Shopping Guide System Optimization: Application of E-Commerce Content Deduplication and Filtering


Rapidly increasing volume of published content poses content optimization challenges for online sites. For instance, a trending event may be reported via many media, a good article may be reproduced by various readers, or a product/group of products may be pushed or promoted by many advertisement platforms or shopping guide platforms. This leads to a scenario where shopping guide websites, news media, technical forums, and search engines may have many similar or even duplicate articles or images.

These are minor issues if interests are not involved. However, problems may escalate if the vested interests of the parties involved are at stake.

For example, in an e-commerce scenario, shopping guide websites receive recommendation articles from various social groups. Such recommendation articles introduce many products and provide information about using these products. If an article covers most products in a manner similar to an already published shopping guide article, then usually such an article is not published to avoid a clash of interests.

Therefore, it is critical for websites to avoid publishing any similar or duplicate content. Usually, websites employ a machine review mechanism or assign personnel to review recommendation content to prevent similar or duplicate articles. However, manual review suffers serious bottlenecks, while machine review faces asynchronous batch review issues as every new article needs to be compared against all historical articles. So, the important question that arises is whether there are any technologies that support real-time content review by comparing each new article with all the existing ones?
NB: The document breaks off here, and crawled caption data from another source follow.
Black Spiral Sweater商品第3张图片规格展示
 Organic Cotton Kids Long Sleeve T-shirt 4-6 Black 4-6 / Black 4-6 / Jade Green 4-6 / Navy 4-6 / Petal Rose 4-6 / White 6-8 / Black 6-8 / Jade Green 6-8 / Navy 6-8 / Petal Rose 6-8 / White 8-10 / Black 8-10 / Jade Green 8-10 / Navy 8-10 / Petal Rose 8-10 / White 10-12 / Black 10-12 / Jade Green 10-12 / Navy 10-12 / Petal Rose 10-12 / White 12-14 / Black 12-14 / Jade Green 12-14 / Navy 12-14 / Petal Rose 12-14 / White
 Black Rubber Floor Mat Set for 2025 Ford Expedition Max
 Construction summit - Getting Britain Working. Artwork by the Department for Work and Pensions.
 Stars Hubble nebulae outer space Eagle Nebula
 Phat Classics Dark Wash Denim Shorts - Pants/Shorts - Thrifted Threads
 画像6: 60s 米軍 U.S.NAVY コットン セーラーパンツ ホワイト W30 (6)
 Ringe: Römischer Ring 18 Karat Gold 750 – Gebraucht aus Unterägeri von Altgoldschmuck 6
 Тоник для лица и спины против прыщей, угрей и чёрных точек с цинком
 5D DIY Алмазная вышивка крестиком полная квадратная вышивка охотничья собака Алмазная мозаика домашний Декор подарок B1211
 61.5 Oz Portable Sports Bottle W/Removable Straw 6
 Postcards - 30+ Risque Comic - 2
The answer would be Yes, PostgreSQL technologies are ideal to address such challenges. This article gives you a walkthrough on how PostgreSQL technologies help to optimize e-Commerce content.

Real-time Deduplication: An Example

This section describes a content deduplication case to help you understand the concept better. On a shopping guide platform, every article recommends several products and give their basic introduction. For example, you may be visiting a shopping guide platform and be viewing an article that recommends toys.

Similarly, based on historical recommendations, there may be tens of millions to hundreds of millions of shopping guide articles. Further, each article may recommend dozens of products. Therefore, there may be tens of millions of recommended products. Also, hot products, such as bestsellers, are normally recommended in many articles. Moreover, some sellers may also pay fees to improve the frequency of recommendations generated for their products.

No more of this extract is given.